Die diesjährige Influenza-Welle erreichte im Februar ihren vorläufigen Höhepunkt. Jedoch sollte man nicht den Fehler machen, sich schon auf der sicheren Seite zu fühlen und die Influenza-Gefahren zu verharmlosen. Eine echte Grippe oder Influenza ist keineswegs harmlos. „Die Betroffenen sind schwer krank und oft wochenlang auf der Intensivstation“, warnt Univ.-Prof. Dr. Rudolf Likar, Klinikum Klagenfurt. Besonders gefährdet sind Menschen mit Asthma oder COPD, weil bei ihnen die Lunge zusätzlich noch vorbelastet ist.

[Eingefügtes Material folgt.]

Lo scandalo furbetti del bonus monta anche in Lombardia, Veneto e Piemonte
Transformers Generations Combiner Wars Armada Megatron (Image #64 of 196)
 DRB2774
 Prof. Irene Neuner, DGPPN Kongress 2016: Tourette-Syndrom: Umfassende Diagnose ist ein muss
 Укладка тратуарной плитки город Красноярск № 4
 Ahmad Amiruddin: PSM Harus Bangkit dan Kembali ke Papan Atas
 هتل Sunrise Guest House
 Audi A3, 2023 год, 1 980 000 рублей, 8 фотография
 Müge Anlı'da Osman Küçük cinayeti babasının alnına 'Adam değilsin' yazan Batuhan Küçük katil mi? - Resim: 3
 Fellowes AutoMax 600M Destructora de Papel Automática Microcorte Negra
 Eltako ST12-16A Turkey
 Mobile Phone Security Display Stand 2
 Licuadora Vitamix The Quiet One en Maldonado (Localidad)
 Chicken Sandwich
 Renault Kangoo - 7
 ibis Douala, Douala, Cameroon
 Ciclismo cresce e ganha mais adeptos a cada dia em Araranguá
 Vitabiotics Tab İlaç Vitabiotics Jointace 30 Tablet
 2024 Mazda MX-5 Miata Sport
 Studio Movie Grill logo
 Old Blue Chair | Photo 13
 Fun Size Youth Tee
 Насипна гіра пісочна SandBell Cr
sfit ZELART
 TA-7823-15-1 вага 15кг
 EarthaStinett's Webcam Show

Hohes Fieber über mehrere Tage, heftige Kopfschmerzen und häufig starker Husten sind die Merkmale. Im schlimmsten Fall kann sie sogar tödlich sein. In Österreich fordert die Grippe jedes Jahr rund 1.000 Todesfälle. Deshalb raten Fachleute zur Grippeimpfung – am besten vor der Influenza- Saison. „Leider lassen sich die Österreicher immer weniger gegen Influenza impfen. In der Saison 2017/2018 lag die theoretische Durchimpfungsrate bei 6,36 Prozent. 2006/2007 lag sie noch bei 15,36 Prozent“, stellte Univ.-Prof. Dr. Rudolf Likar fest. „Wir sehen aber auf den Intensivstationen täglich die dramatischen Folgen.“

Spitalsaufenthalte sind dann leider oftmals der letzte Ausweg. Davon betroffen sind vor allem alte Menschen sowie Menschen mit mehreren Grundkrankheiten. Auch bei einer vorgeschädigten Lunge, wie zum Beispiel durch COPD oder Asthma, ist das Risiko von ernsten oder sogar lebensbedrohlichen Komplikationen höher. Diese Patienten haben kaum eine Reserve und dann kann die Grippe zu schweren Komplikationen führen.

Eine niederländische Studie zeigt deutlich auf, was zur Aufnahme von Influenza-Patienten ins Spital und in die Intensivstationen führt: schwere respiratorische Infektionen, bakterielle Pneumonien und pulmonäre Sepsis. Erfolgt die Spitalsaufnahme rechtzeitig, wird sofort die Therapie eingeleitet: eine notwendige Beatmung und vor allem eine Behandlung mit einem Neuraminidasehemmer. Dieses Medikament wirkt gegen alle Typen des Influenza-Virus gleichermaßen gut. Durch die Einnahme wird ein Enzym des Virus, die sogenannte Neuraminidase, gehemmt. Dadurch kann die Vermehrung der Viren im Körper blockiert werden, wenn die Einnahme innerhalb der ersten beiden Tage der Grippe erfolgt. „Der bessere Weg wäre aber eine rechtzeitige Impfung vor der nächsten Grippesaison“, so der Experte.